Dalam novel ini Pram mengambil penokohan seorang pemuda bernama Ranta yang hidup dalam belenggu kemiskinan. Ia tinggal dengan bininya bernama Ireng di gubug kecilnya. Ranta menafkahi bininya dengan mengerjakan apapun, termasuk maling. Kegiatan maling-memaling ini didapatkannya dari Juragan Musa dengan paksaannya. Seorang bertubuh gempal dengan tongkat ditangan dan peci hitam.
Juragan Musa biasa memperalat masyarakat desa untuk melakukan pencurian ke gudang-gudang milik ondernaming. Begitupun yang dialami oleh Ranta, ia dipaksa mencuri bibit karet olehnya. Pekerjaan ini Ranta lakukan karena dua hal, yang pertama juragan Musa menyuruhnya dengan paksaan berikut ancaman dan yang kedua karena ia butuh uang, tak hanya untuk makan tapi juga untuk membayar pengobatan anaknya yang di rawat di rumah sakit. Pencurian bibit karet berhasil dilakukan oleh Ranta, bahkan sampai berhasil bolak-balik dan mendapatkan beberapa karung bibit karet. Kewajibannya terselesaikan, tinggal haknya yang belum ia dapatkan, disaat ranta meminta haknya namun yang ia dapatkan malah penyiksaan, badannya bagaikan samsak oleh anak buah Juragan Musa. Alhasil Ranta pulang ke rumah hanya membawa luka lebam dan badan yang hampir remuk. Rantai bagaikan semut hitam yang walaupun kecil dan hitam, tapi di saat ia merasa sangat disakiti dan terus tertekan akan menggit siapapun yang menyakitinya.

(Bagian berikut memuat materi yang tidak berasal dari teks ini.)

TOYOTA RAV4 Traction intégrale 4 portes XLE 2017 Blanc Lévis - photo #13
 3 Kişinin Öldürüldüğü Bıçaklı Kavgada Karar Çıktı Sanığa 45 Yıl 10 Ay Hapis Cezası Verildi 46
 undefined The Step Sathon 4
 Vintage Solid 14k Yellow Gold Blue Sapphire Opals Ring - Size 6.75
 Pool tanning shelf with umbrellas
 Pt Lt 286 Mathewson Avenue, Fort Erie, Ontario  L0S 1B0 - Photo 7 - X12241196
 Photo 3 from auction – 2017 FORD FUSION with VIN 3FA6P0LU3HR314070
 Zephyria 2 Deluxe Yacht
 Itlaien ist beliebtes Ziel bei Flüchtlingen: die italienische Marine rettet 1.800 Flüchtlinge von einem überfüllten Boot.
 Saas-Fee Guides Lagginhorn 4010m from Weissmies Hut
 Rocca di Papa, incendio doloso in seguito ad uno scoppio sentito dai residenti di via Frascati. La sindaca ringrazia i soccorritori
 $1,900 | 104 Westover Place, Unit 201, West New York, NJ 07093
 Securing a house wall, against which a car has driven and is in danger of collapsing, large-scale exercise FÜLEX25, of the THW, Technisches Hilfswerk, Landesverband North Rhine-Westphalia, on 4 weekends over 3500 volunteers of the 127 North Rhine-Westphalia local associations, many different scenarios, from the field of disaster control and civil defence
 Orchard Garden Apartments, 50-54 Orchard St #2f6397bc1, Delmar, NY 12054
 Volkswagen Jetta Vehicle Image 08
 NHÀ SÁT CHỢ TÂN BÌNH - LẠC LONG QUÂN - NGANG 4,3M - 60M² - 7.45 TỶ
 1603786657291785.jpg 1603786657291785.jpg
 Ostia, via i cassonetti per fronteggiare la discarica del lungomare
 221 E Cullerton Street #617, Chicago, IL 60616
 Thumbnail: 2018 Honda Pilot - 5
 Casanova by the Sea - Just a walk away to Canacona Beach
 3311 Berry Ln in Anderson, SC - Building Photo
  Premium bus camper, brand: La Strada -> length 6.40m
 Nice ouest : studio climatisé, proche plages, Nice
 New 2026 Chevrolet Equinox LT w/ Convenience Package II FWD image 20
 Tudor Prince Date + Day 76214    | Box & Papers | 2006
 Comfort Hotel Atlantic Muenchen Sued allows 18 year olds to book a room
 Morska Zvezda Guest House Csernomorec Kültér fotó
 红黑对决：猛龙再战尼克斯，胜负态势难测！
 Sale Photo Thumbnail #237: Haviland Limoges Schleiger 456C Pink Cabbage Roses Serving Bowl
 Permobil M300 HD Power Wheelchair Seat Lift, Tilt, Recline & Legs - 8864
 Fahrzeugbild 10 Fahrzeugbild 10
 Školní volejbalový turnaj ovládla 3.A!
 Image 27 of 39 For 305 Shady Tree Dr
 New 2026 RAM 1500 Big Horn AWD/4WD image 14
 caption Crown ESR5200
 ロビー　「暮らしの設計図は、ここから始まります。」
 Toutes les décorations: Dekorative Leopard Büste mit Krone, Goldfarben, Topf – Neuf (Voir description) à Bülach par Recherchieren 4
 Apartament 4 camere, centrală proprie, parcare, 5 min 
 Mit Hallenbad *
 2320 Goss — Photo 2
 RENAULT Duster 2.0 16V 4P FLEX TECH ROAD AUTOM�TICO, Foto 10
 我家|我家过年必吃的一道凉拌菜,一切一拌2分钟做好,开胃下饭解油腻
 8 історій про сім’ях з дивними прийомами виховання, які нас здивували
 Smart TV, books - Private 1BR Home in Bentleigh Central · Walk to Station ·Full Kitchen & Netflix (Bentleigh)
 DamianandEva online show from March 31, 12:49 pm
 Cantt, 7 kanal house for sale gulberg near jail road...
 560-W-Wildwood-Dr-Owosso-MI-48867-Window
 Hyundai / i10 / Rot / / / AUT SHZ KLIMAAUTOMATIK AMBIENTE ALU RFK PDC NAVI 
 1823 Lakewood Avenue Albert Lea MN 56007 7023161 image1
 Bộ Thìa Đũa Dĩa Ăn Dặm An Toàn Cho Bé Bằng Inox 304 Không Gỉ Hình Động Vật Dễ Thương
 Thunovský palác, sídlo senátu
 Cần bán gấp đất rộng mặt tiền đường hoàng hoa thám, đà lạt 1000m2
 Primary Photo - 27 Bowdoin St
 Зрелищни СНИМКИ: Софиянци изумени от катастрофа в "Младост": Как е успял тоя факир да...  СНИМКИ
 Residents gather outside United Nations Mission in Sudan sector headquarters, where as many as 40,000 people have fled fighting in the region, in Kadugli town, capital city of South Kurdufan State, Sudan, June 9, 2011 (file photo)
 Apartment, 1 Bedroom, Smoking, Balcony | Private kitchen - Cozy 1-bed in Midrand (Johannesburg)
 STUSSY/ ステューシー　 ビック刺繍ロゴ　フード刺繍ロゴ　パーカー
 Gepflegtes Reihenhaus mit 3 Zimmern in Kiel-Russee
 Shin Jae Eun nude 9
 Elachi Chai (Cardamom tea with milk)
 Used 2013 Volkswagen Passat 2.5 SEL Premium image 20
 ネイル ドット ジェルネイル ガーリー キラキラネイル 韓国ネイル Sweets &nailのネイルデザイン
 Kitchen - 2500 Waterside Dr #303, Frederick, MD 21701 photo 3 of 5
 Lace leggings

Suatu Ketika Juragan Musa berjalan melewati gubug milik Ranta dan menghampirinya, tidak seperti biasanya Ranta tidak mengumpat malah sebaliknya ia tampakan keberaniannya yang berapi-api, meski luka ditubuhnya belum pulih. Bagi Ranta mau dipukuli bagaimana pun tubuhnya sudah mati rasa, karena kesakitan ialah teman hidupnya, kalau tidak daging yang sakit yah hati, kesakitan melulu kata Ranta. Sikap Ranta ini tidak diduga-duga oleh Juragan Musa, biasanya juragan musa langsung memelototi Ranta atau membentaknya, tapi ini kebalikannya. Seorang Juragan Musa lari tunggang-langgang seperti orang mau diterkam oleh singa yang sangat lapar. Ranta pun merasa sangat puas, karena bisa membuat Juragan Musa yang kejam dan licik itu lari terbirit-birit. Tapi satu sisi Ranta tahu, bahwa setelah ini yang akan ia hadapi ialah ketakutan, ketakutan akan pembalas dendaman juragan Musa padanya.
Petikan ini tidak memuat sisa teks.